- Born: 13 December 1942 Cape Town, South Africa
- Died: 15 July 2002 (aged 59) Framfield
- Education: Millfield
- Occupations: British Army soldier, explorer
- Spouse: Thelma Petts ​(m. 1981⁠–⁠2002)​
- Allegiance: United Kingdom
- Branch: British Army
- Service years: 1961–1967
- Unit: Royal Sussex Regiment, Special Air Service

= Charles R. Burton =

English explorer

Charles Robert Burton (13 December 1942 – 15 July 2002) known as Charlie Burton was an English explorer, best known for his part in the Transglobe Expedition, the first expedition to circumnavigate the globe from pole to pole. Serving as cook, radio operator, and mechanic, he was the only member of the team to accompany the expedition's leader, Ranulph Fiennes, on the entire route.

Burton was born in Cape Town, South Africa. He attended Millfield school in Somerset, where he excelled more in sports than academics. From 1961 to 1967, he was a soldier in the British Army, serving with the elite Special Air Service and traveling to the Middle East, Northern Ireland, Malta, and Germany. After his military career, Burton held odd jobs, mainly with various private security firms.

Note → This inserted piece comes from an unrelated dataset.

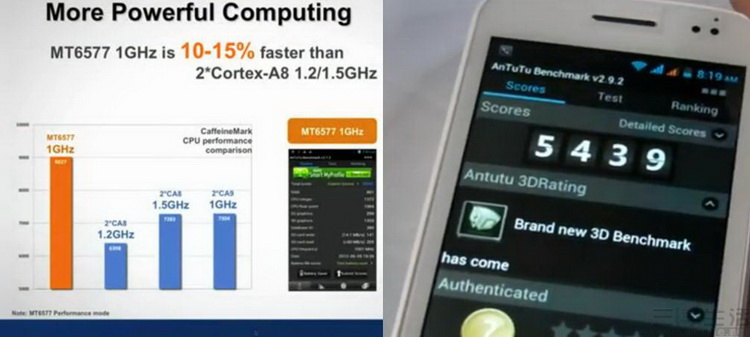 高性价比一代神u,高性价比神u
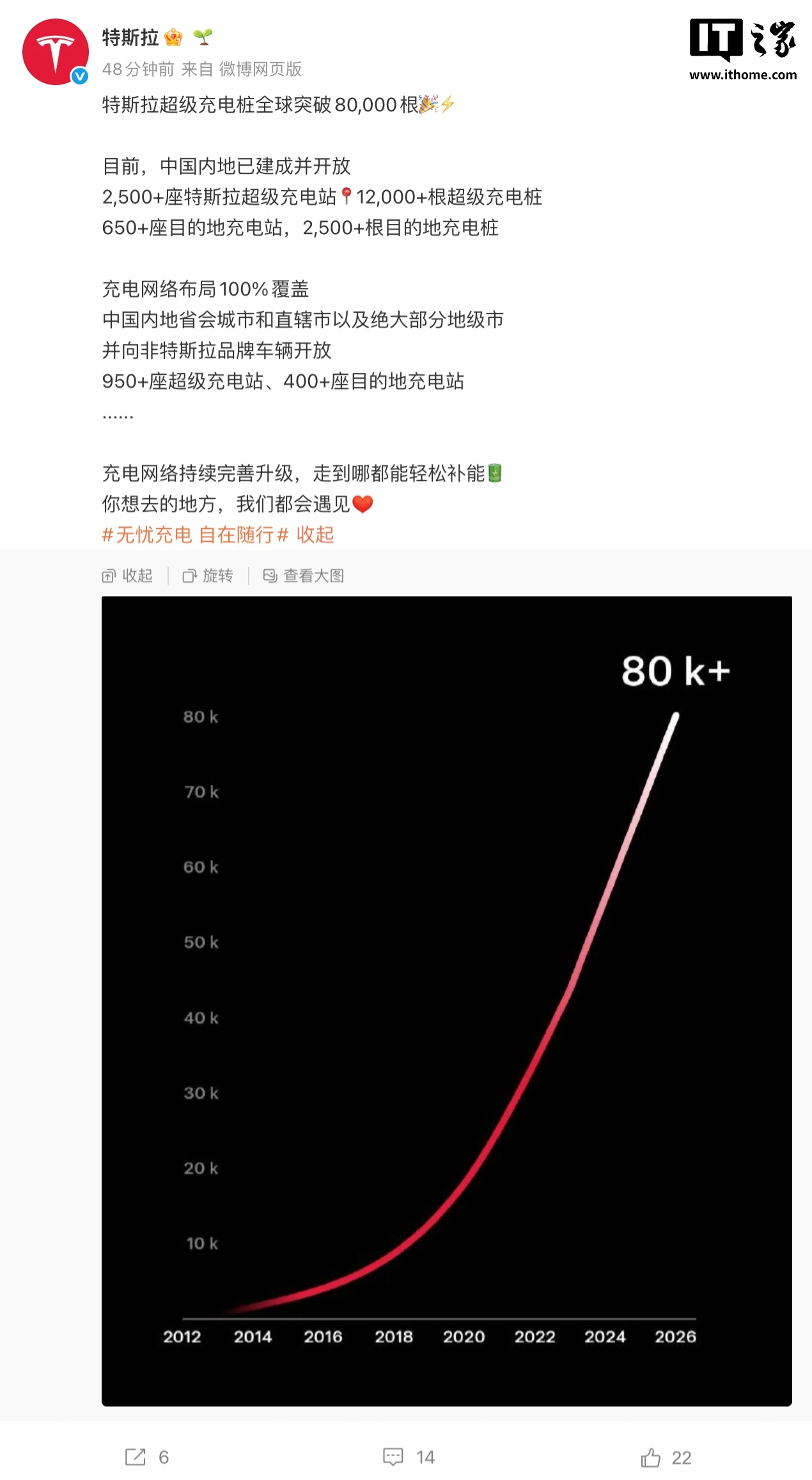 特斯拉全球超级充电桩突破 8 万根,中国内地已有超 1.2 万根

While bartending at The Admiral Codrington pub in Chelsea in 1975, he met Fiennes, with whom he spent some four years organizing and raising money for the Transglobe Expedition. After the expedition, which lasted from 1979 to 1982, Burton returned to the security business. Ten years later, he helped Fiennes organize another expedition, but declined to participate.

Burton married Thelma "Twink" Petts in April 1981 in Sydney, Australia, while on the Transglobe Expedition. He died of a heart attack on 15 July 2002 at his family home in the village of Framfield in Sussex.